▼▼▼

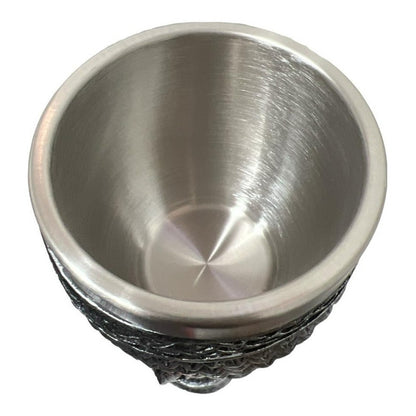 Copa Caliz Medieval Copa Vikingo Copa Gotica Resina Y Acero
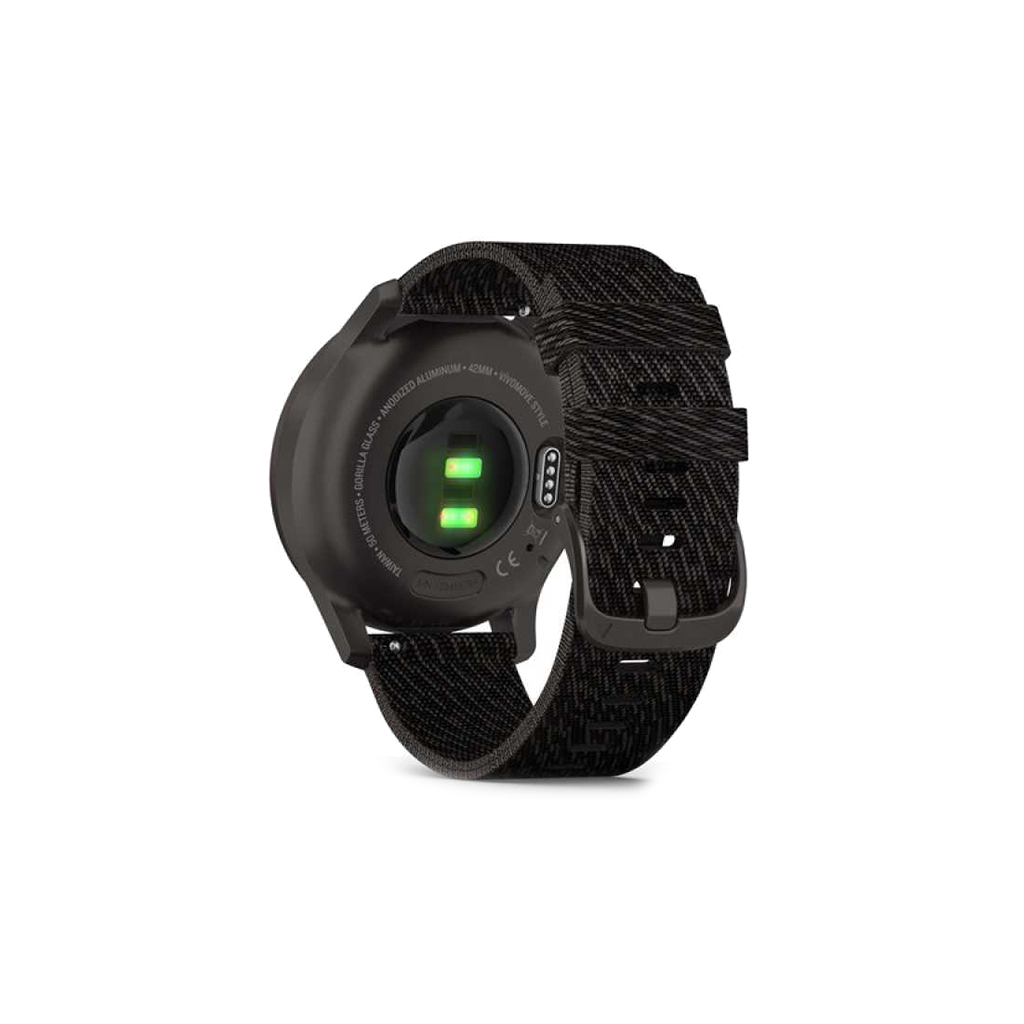 Смарт-годинник Garmin vivomove Style, Graphite, Black Pepper, Nylon (010-02240-23) - зображення 5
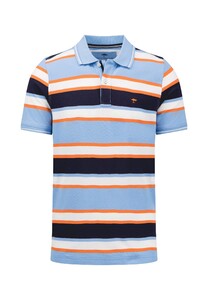 Fynch-Hatton Multi Stripe Fantasy Poloshirt Navy-Multi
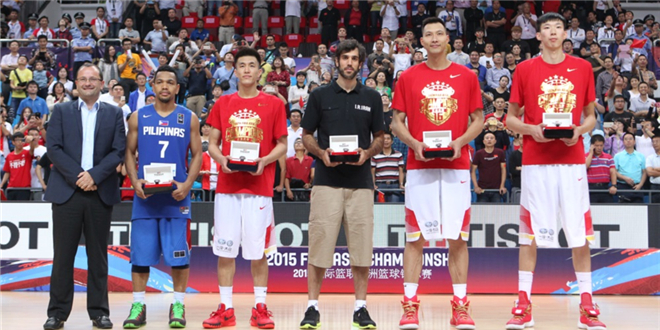 阿联周琦郭艾伦进亚锦赛最佳阵容_虎扑CBA新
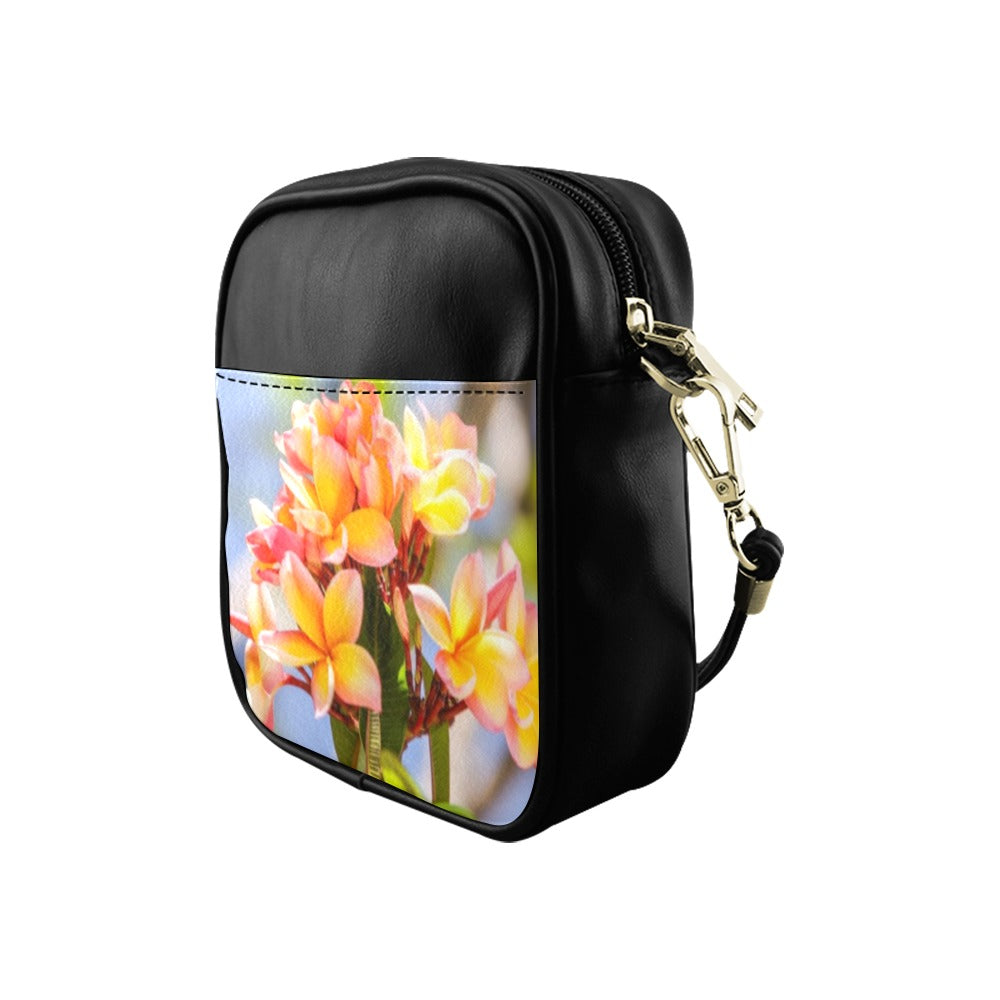 Fresh Frangipanis Shoulder Sling Bag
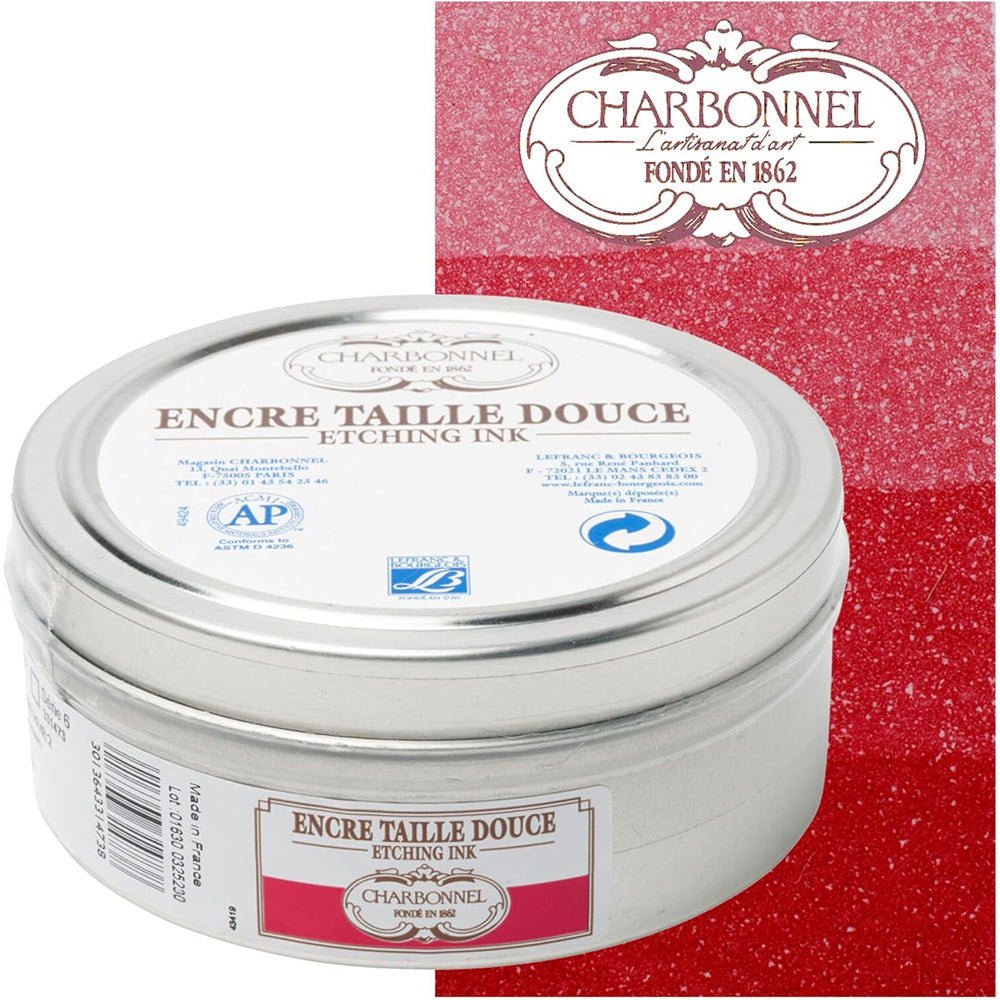 Charbonnel 200ml Etching Ink Tin Series 6 - Ruby Red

▲▲▲

**What you need to do**
Any picture in the material is to be dropped; the rest is repeated exactly.

**Problem solution**
 Copa Caliz Medieval Copa Vikingo Copa Gotica Resina Y Acero
 Смарт-годинник Garmin vivomove Style, Graphite, Black Pepper, Nylon (010-02240-23) - зображення 5
 Fynch-Hatton Multi Stripe Fantasy Poloshirt Navy-Multi
 阿联周琦郭艾伦进亚锦赛最佳阵容_虎扑CBA新
 Fresh Frangipanis Shoulder Sling Bag
 Charbonnel 200ml Etching Ink Tin Series 6 - Ruby Red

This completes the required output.